Q: Do you feel that your offense is able to run the ball better with or without huddling?CP:
Other than this last week, we've run the ball better in no-huddle. Our no-huddle stuff gets us better match-ups on the field. This past week we just had a great game plan going in with a lot of the huddle stuff. When we did go the one series with no-huddle, we basically threw it every play and went all the way down the field and didn't get any runs in, but we were confident in our no-huddle system that we were going to get some good runs.
Q: Buffalo has a lot of young guys. Do you think they're playing faster than they have in the past?CP:
Yeah, I remember not last year, but a couple years before, completely different style of defense, different coordinator, and they were all over the place. They had a style similar to Pittsburgh and Baltimore where they're going to line up all over the place and try to confuse you. Now they line up and play and, looking at their roster, I don't think they have a guy over nine years or eight years on their roster, including punters and kickers and long snappers, which is pretty amazing. It's a very young team.
But I think they're in a great system for what they've got. It's very simple. There's not a whole lot of checks. There not a lot of formation changes. There's not a ton of different blitzes they need to worry about. They have a little bit of confusion they like to create on third down, but really they let their guys line up and play. And when you've got a young group of guys, guys that haven't been in the system for a very long time, if you can just let them line up and play, it makes their whole life easier.
As opposed to having 60 or 70 calls on a game plan, they really play a very ... they're very limited on first and second down, and like I said on third down, they do a couple things up front to try to confuse your protections, but the guys in the secondary really are doing the same things they do on first and second down. When you've got young guys like that, it just lets the athleticism take over. When you've got a guy like Donte Whitner, who I think was the sixth pick in the draft, obviously he's a very athletically gifted kid. You just let him play.

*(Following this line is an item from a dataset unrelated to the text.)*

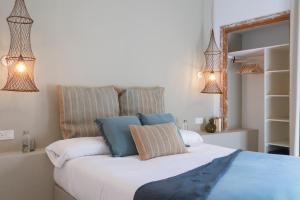 a bedroom with a bed with white sheets and blue pillows at Hostal Boutique Sa Nansa in Tossa de Mar +23 photos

You let him line up and play and not have to disguise too much or think too much, and just react to what he sees and play football.

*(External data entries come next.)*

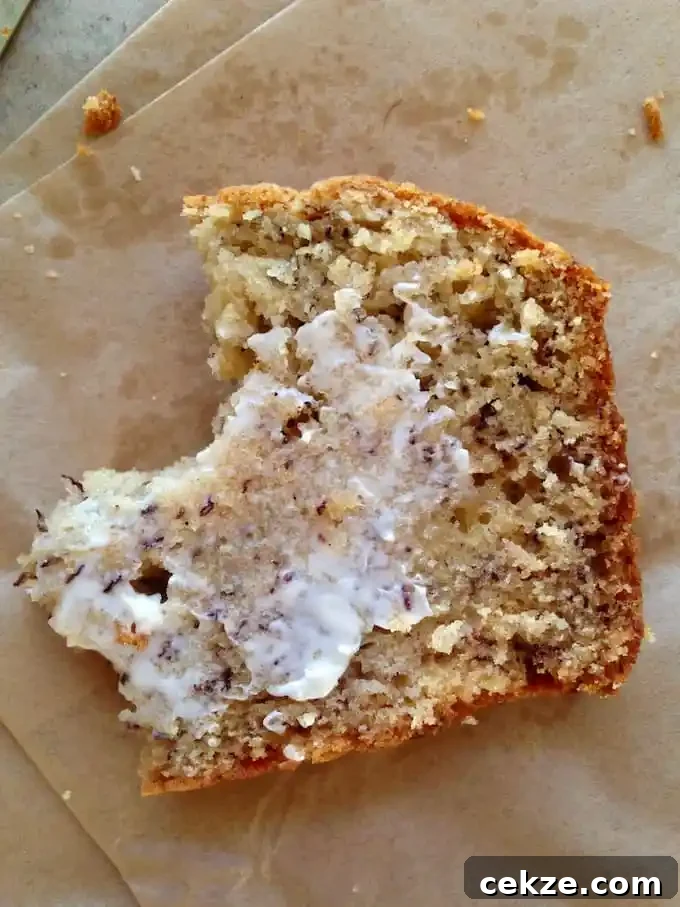A piece of banana bread with a bite taken out of one side and smeared with butter. It is sitting on a piece of brown parchment. 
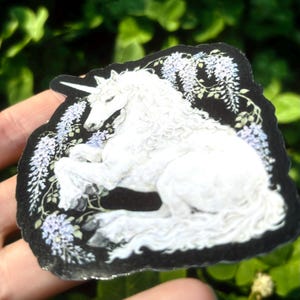 Puede incluir: Una pegatina de unicornio blanco con borde negro, rodeada de flores moradas claras y hojas verdes. El unicornio est&aacute; tumbado con la cabeza levantada y su cuerno es visible. La pegatina se sostiene en una mano sobre un fondo de follaje verde.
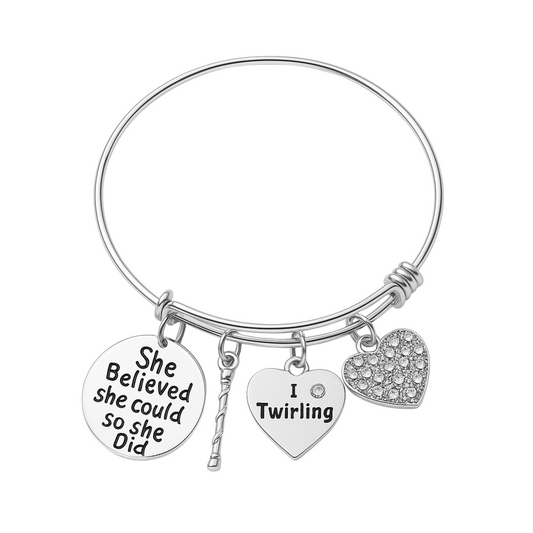 Silver adjustable bangle bracelet with twirling-themed charms including "She Believed She Could So She Did" and heart shapes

Q: Tony Romo threw five picks against Buffalo. Have you watched any of that game on tape?CP:
Yeah, there's a number of playmakers. Both their corners are fast guys. They play the ball well. Like I said, Donte Whitner plays the ball well. They got a couple ones thrown to them in that game. It wasn't anything they did; there was a couple of balls just kind of got thrown to guys. But they're making plays. When an opposing offense makes a mistake, they can capitalize it, turn it into points and change field position.
Q: What are your thoughts on balance between the run and pass games?CP:
Offensive philosophy, you got to take what they give you. Not this past week, but in previous weeks, we've seen a lot of double-teaming of our two receivers, and you've got to run in some situations. If you try to force it and throw it, there just isn't much there in the pass game. When the defense makes you run the ball, you need to be able to run the ball. We've been successful with Kenny these last couple weeks in that.

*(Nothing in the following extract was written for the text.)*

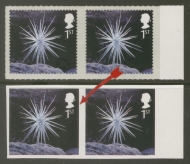 2003 1st Class Christmas stamp, where the background MATRIX is not removed from between the stamp, at a glance, looks Imperf. 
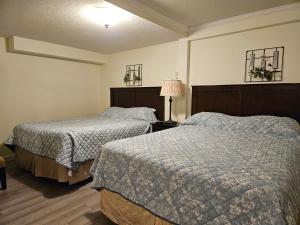 a bedroom with two beds and a lamp in it at Swiss Chalets Motel in Hope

Q: What do you think having Rudi (Johnson) back will do for you?CP:
I'm excited. We were just talking...it's a great combination of speed and power, and it's a good thing when you have two running backs and you're not sure who's going to start, who's going to be in there, because they're both very good. Rudi's great at the power thing and coming downhill, and Kenny can run outside, Kenny can catch. He can run screens. Two very talented guys, and two guys that complement each other well and are good for our offense.
Q; You haven't had two useable running backs since 2005:CP:
Yeah, it's been a while. I think since Chris Perry, when he was on the field, we'd change it up with him and Rudi.
Q: Will it help?CP:
I think so. We'll see.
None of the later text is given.